Reproduce, exactly, the lines of the material below from the line containing "Altavoz de Conferencia" through the line containing "Panerai Luminor Marina", with both end lines included and nothing else.
*** Task material ***
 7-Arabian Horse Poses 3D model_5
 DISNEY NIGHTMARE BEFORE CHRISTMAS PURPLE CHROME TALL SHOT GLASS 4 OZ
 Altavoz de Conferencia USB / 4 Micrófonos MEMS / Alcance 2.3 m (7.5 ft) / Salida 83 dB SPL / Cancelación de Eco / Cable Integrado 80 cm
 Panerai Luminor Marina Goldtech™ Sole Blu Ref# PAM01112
*** End of Task material ***
*** Task material ***
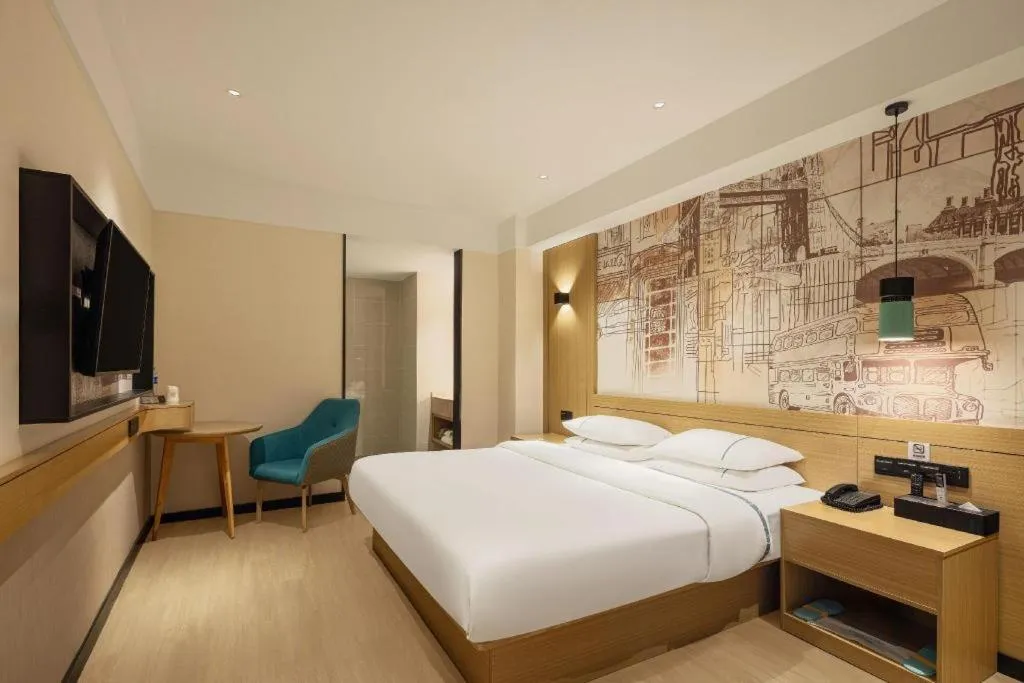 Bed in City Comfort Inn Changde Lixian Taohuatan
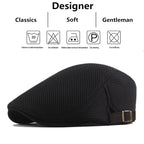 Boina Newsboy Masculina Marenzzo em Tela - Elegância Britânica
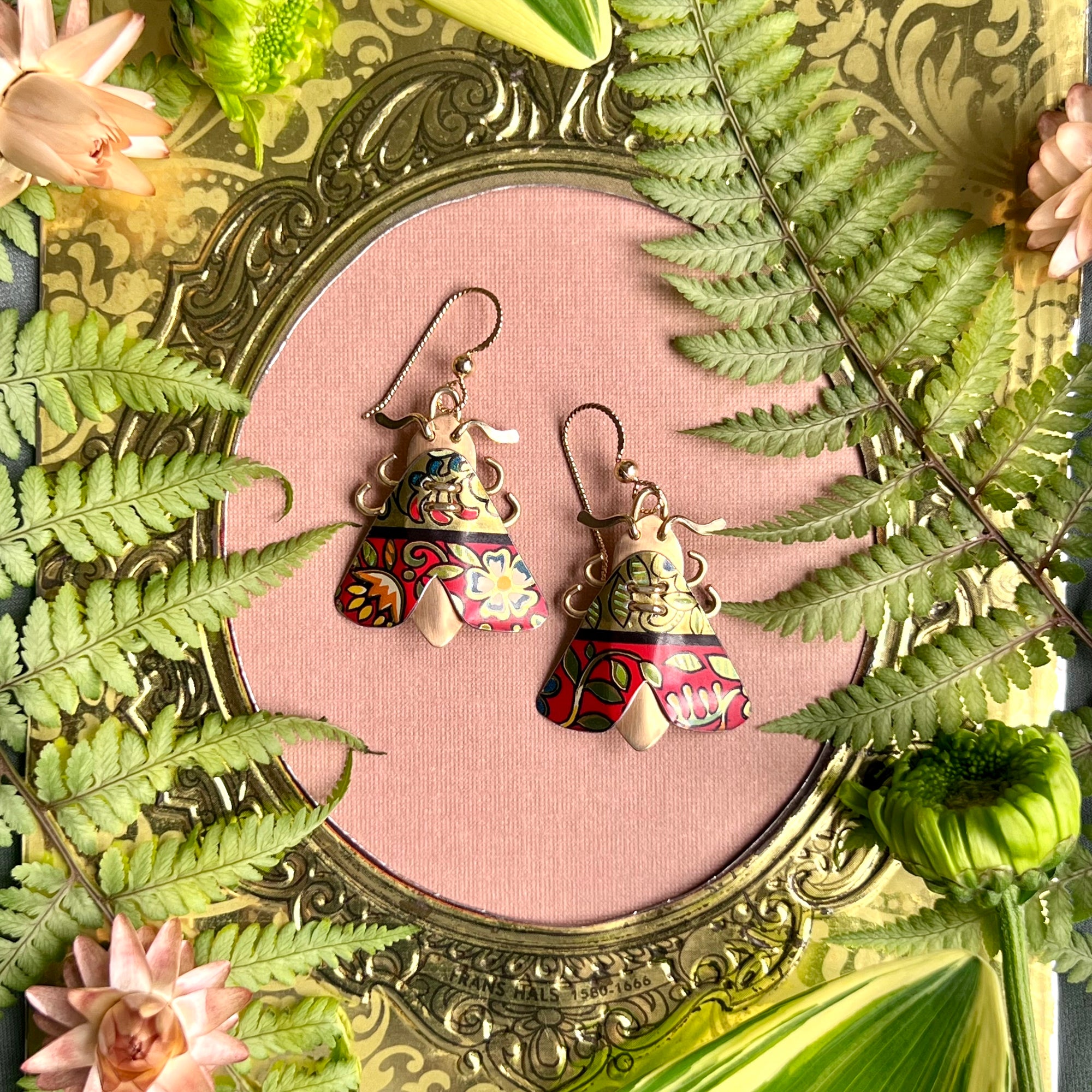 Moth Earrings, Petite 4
*** End of Task material ***
*** Task material ***
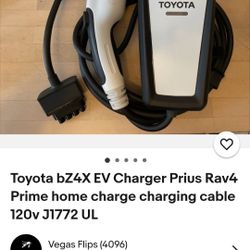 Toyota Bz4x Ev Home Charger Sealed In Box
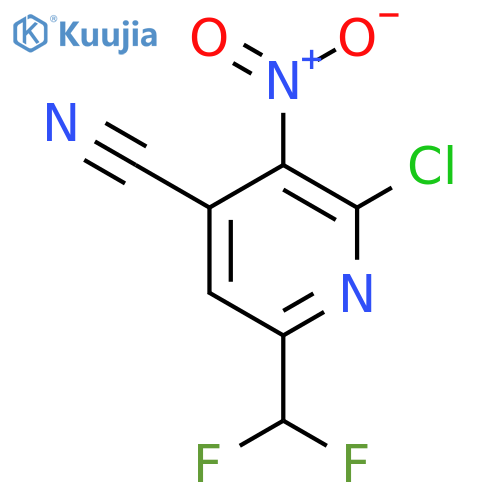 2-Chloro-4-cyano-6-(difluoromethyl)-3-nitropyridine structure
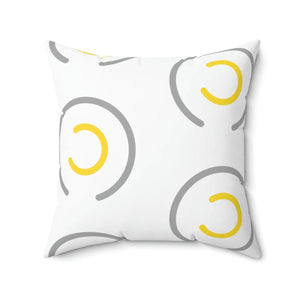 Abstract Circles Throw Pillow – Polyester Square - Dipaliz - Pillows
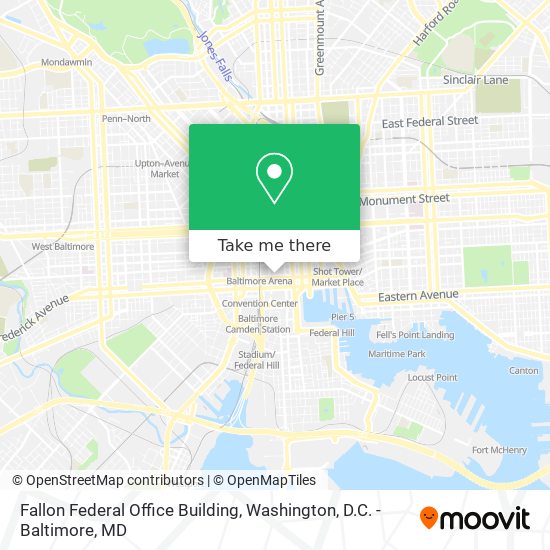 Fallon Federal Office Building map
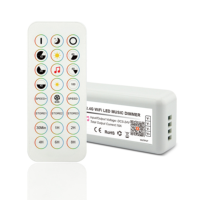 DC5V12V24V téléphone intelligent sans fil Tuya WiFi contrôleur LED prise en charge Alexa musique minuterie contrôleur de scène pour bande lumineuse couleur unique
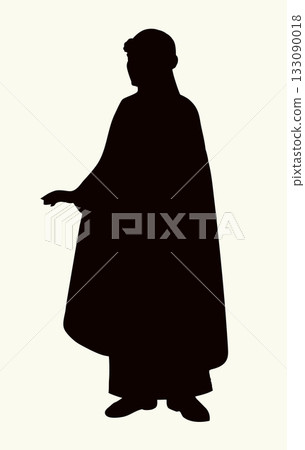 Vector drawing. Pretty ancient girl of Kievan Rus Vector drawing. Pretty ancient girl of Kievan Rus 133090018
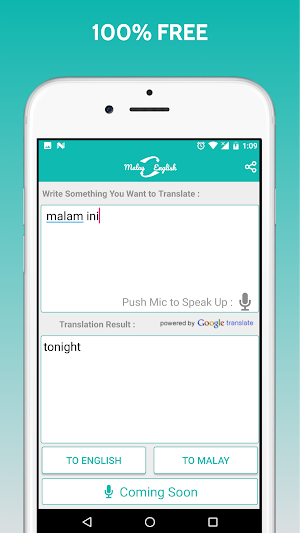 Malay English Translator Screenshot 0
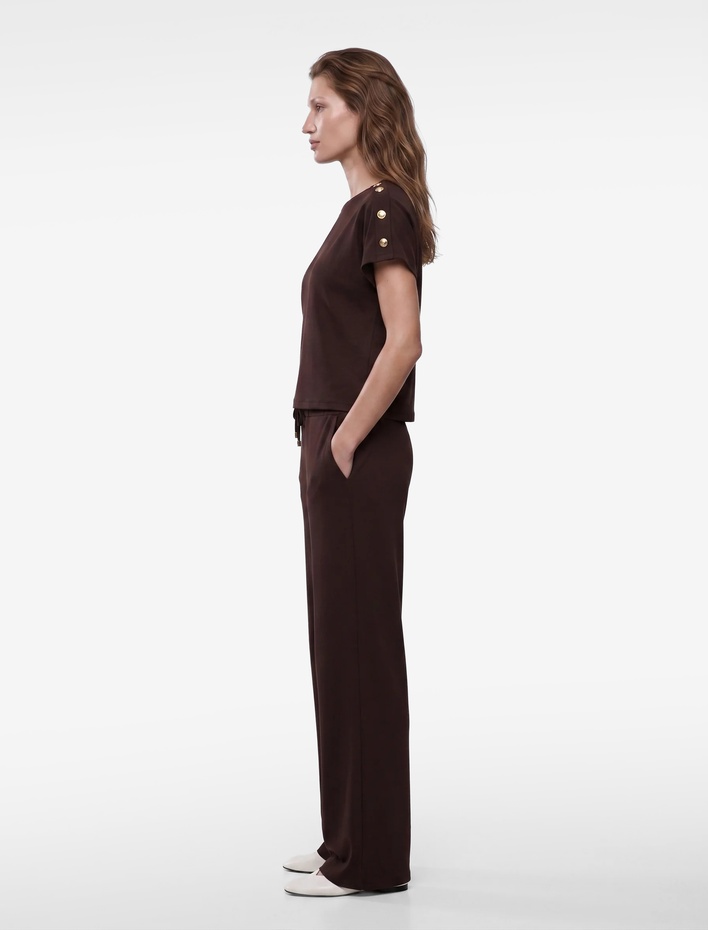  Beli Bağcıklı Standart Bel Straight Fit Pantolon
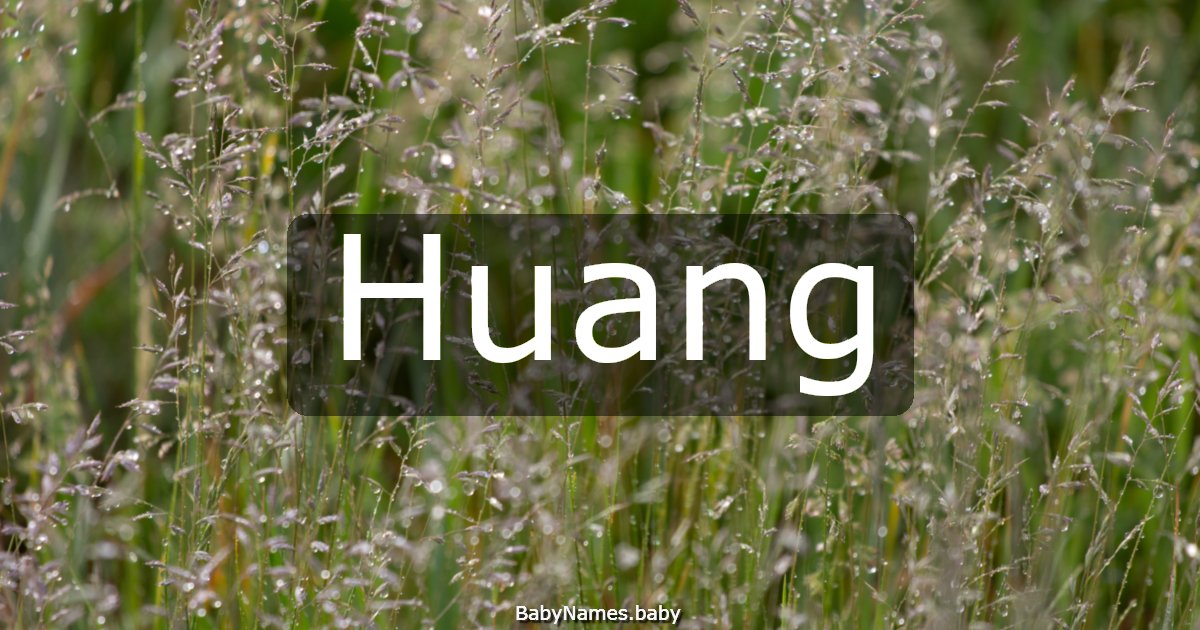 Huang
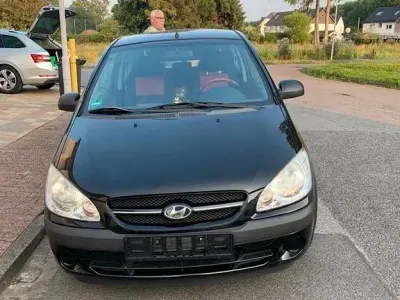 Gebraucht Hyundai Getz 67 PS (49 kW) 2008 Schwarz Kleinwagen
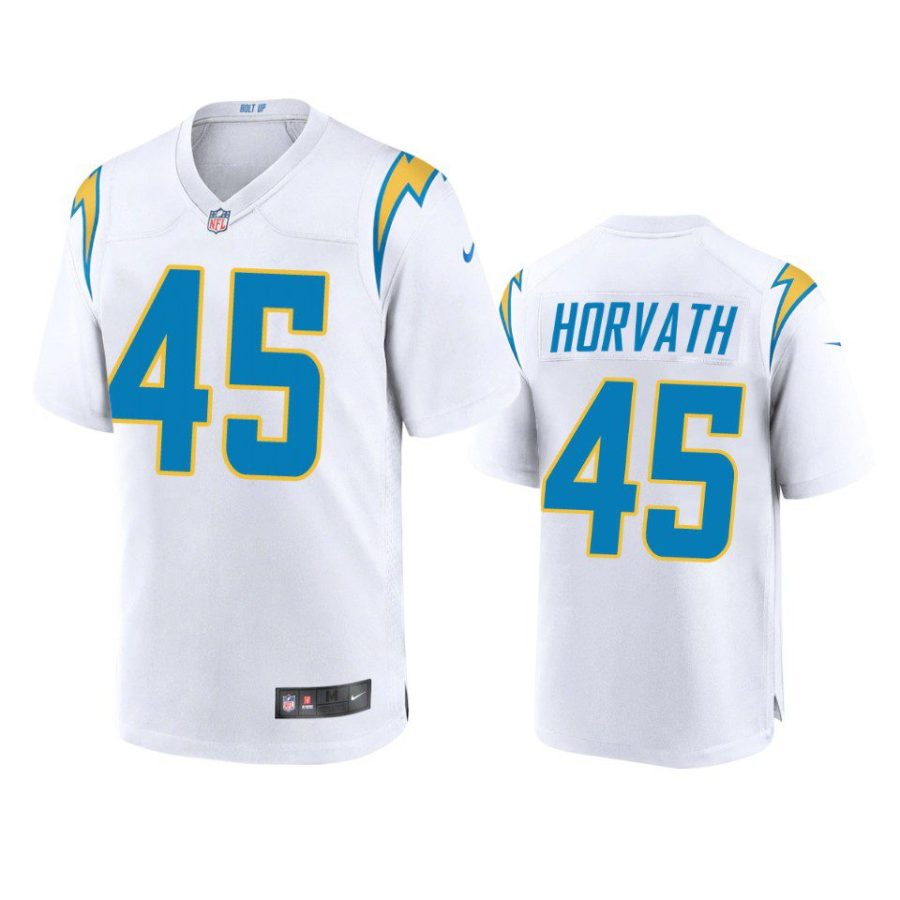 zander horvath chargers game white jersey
*** End of Task material ***
- **Response**
 Altavoz de Conferencia USB / 4 Micrófonos MEMS / Alcance 2.3 m (7.5 ft) / Salida 83 dB SPL / Cancelación de Eco / Cable Integrado 80 cm
 Panerai Luminor Marina Goldtech™ Sole Blu Ref# PAM01112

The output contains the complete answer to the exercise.